:: Task objective ::
Every line of the listing below is to be duplicated exactly, with the pictures left out.

:: Data section ::
◆ ◆ ◆ ◆ ◆

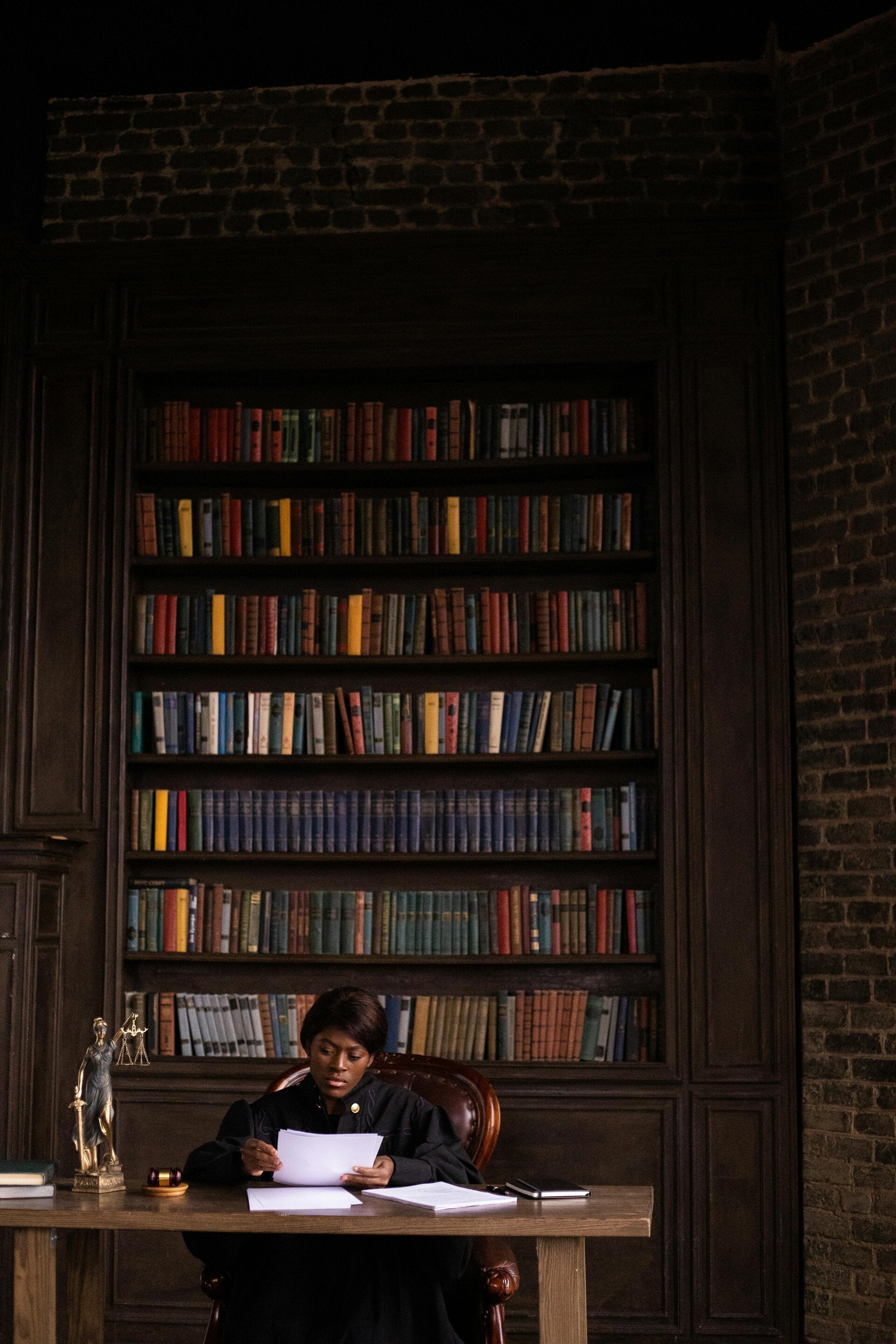 Boekenkast met boeken.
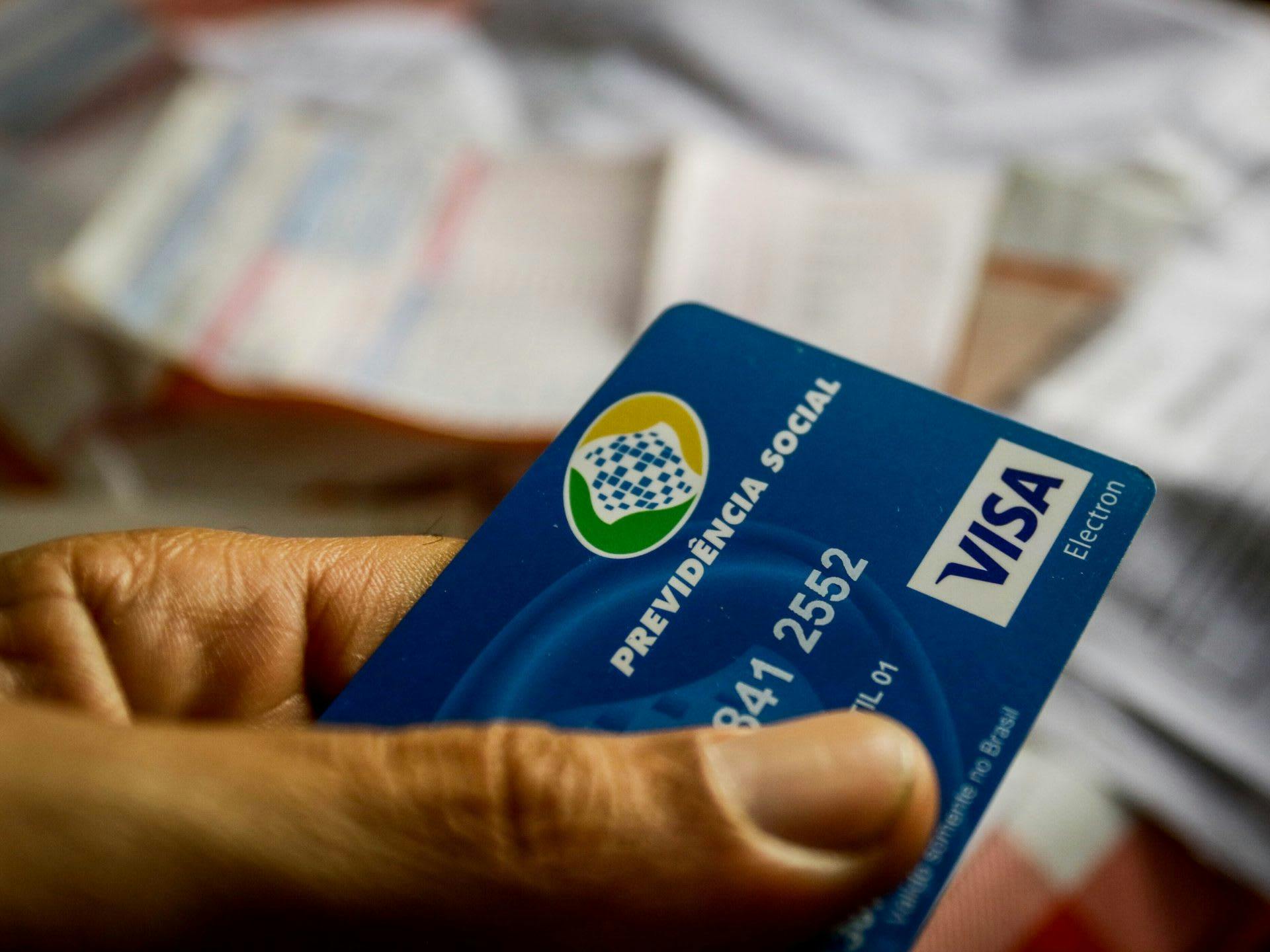 INSS define prazo para bancos reduzirem juros do cartão consignado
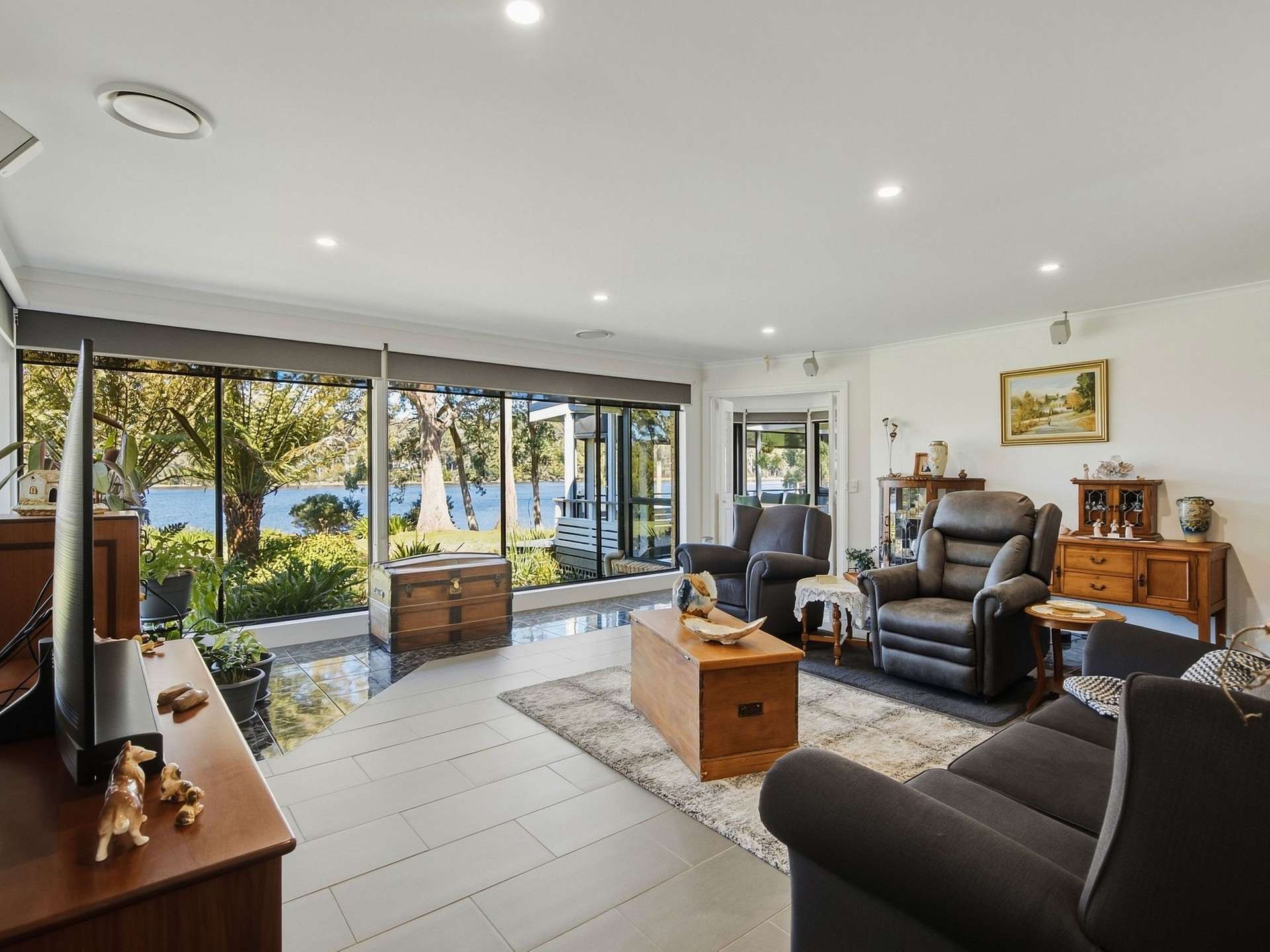 5 Grange Court, West Ulverstone For Sale by Farmbuy.com - image 5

◆ ◆ ◆ ◆ ◆

:: Expected output ::
 Boekenkast met boeken.
 INSS define prazo para bancos reduzirem juros do cartão consignado
 5 Grange Court, West Ulverstone For Sale by Farmbuy.com - image 5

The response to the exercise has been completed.